Everything may have a political lens with which it can be viewed, but that doesn't make literally everything "political" in the typical usage of the word. Are all workplace conflicts political? Is all unethical workplace behavior political? Is failure to follow IT security guidelines in the workplace political? It's possible to confidently answer "yes" to all of these questions with the right logical contortions, but at that point we'll have reached reductio ad absurdum.
When you manage a group of people that have to work together while trying to maximize workplace outcomes within existing legal framework, organizations have a professional motivation to cover topics like workplace fairness, bias, respectful behavior, etc.

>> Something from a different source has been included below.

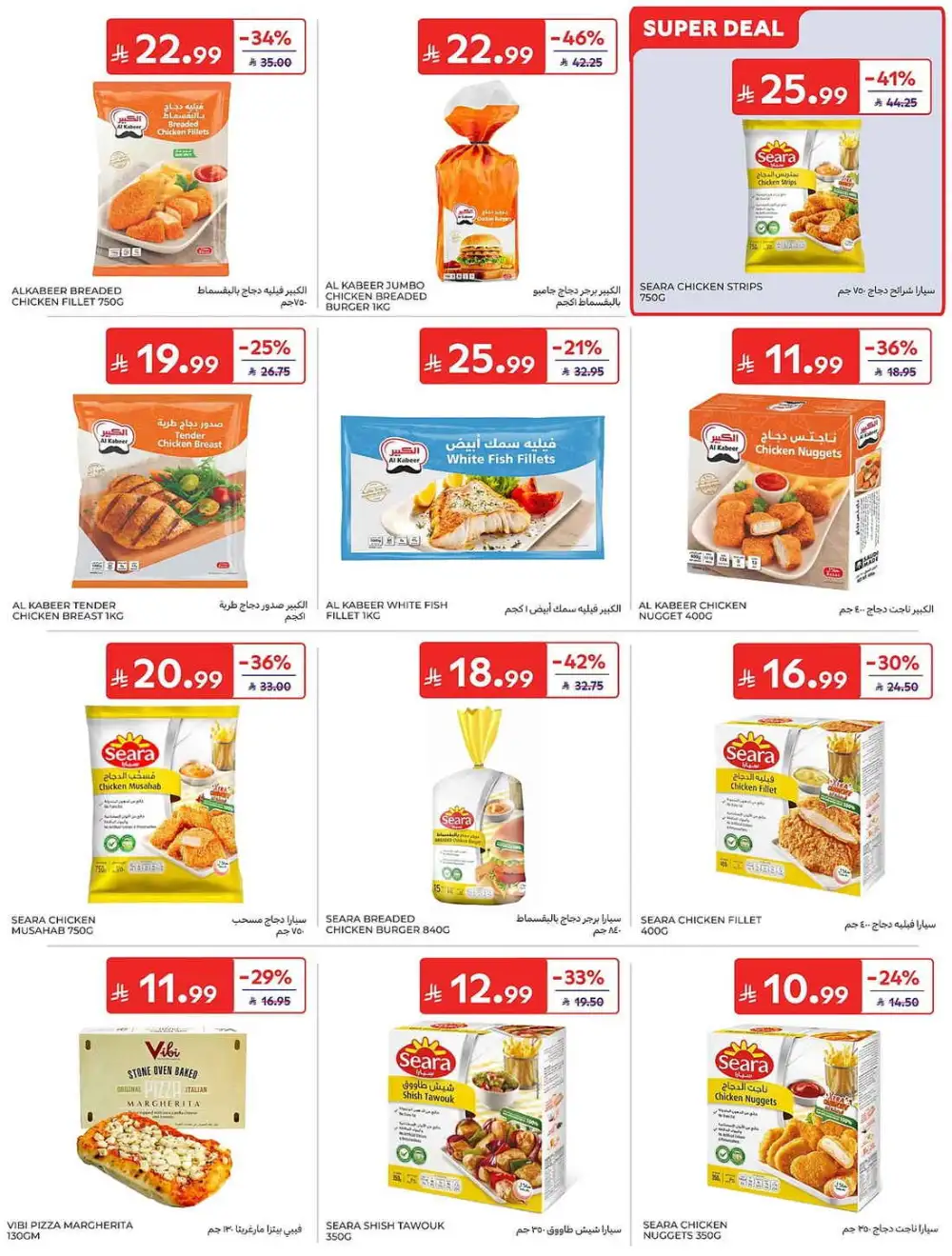 Carrefour Weekly Offers | Latest Leaflets page 14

We are actually in agreement. What we don't seem to agree on is that easiest way for a corporations to avoid this particular pitfall is by not being anywhere near it. Especially in 2022.

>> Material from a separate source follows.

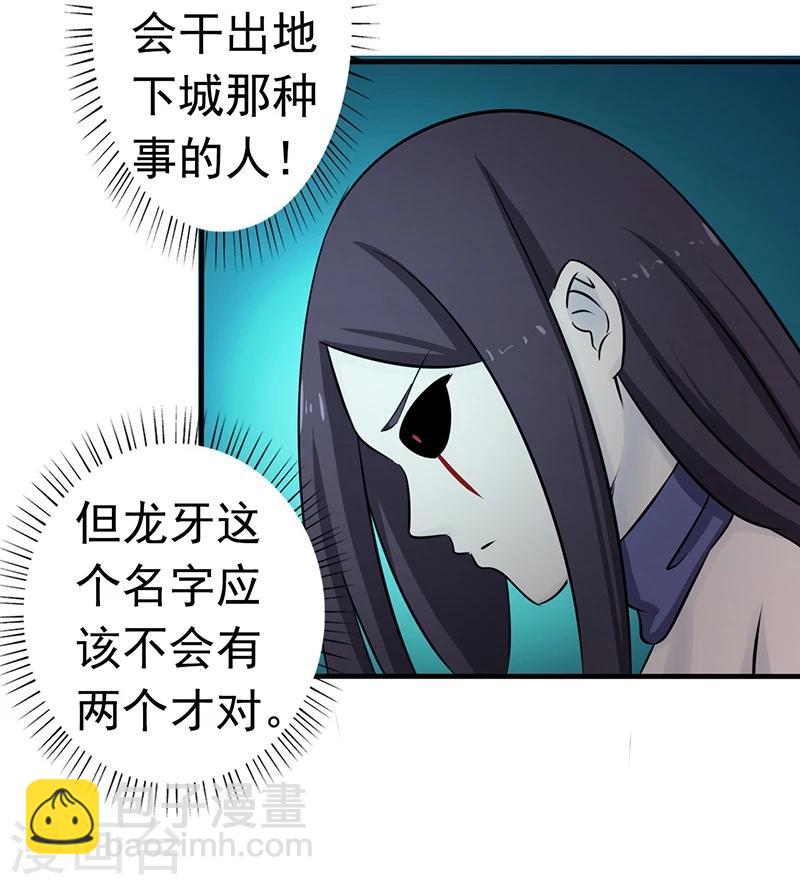 🍼地府我开的 第85话 暂时的平静 第32页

> What we don't seem to agree on is that easiest way for a corporations to avoid this particular pitfall is by not being anywhere near it.
I think we disagree in that I don't believe many of these issues can be avoided. If you're seeing caste-based discrimination in your workplace (for instance, just to use an issue that isn't legally mandated to address), any attempt to avoid it is a tacit endorsement of the practice. There are no sidelines upon which to stand.
edit: Even saying 'I am apolitical' is a political statement.